You Cannot Invest in the Same Market Twice
Several of the most important ideas of our modern world originated long ago. Especially when it comes to fields that share a centuries-old tradition, such as philosophy, mathematics or astrology, many groundbreaking ideas have been born out of a simple and sometimes naive observation of nature.
In this sense, a big share of those comes from the Ancient Greeks that, from Aristotle to Eratosthenes – the first man able to calculate the Earth circumference almost perfectly in 246 BC – have later revealed the keys to understand the world we live in.
However, it would sound unusual to think that those early philosophers and scientists left an important piece of advice very useful for the modern-day investor. Heraclitus, one of the most influential Greek philosophers known for his sharp wit and keen observations, condensed it into one sentence: “No man ever steps in the same river twice”.
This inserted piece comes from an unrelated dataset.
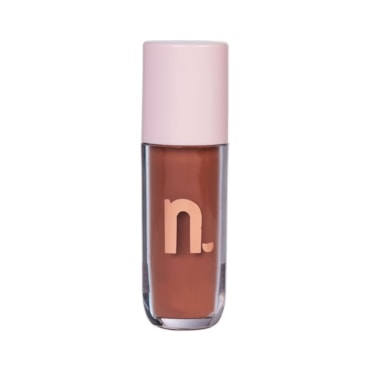 Contorno Líquido Nina Makeup Multinfun Western Aba Do Meu Chapeu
This idea – also known under the famous aphorism pánta rheî – shed light on a nontrivial aspect of our daily life suggesting that rather than remaining still, everything is subject to change and evolve over time. Indeed, even if we do not perceive it immediately, everything flows and mutates from what we initially observed or experienced.
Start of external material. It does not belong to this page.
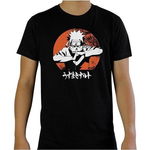 Tricou Naruto Shippuden - Naruto, ABYstyle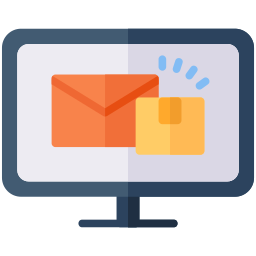 mail icon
The advice he offered to us is that instead of sticking with a static interpretation of reality we must be ready to embrace the complexity and follow it dynamically. This idea seems to be largely applicable to the world of investing. Financial markets represent a perfect example of a fast-paced and complex environment that slowly changes over time, to the extent that one could say that “you cannot invest in the same market twice”.
We can use this advice to look at financial markets in a new light, and derive two precious insights from it. The first one is that we must look at our decision in terms of investments not as point-in-time but rather as multiperiodal. The second is that every decision we make – even the ones we consider optimal – will need to be updated periodically to reflect the different market conditions that have unfolded in the meantime.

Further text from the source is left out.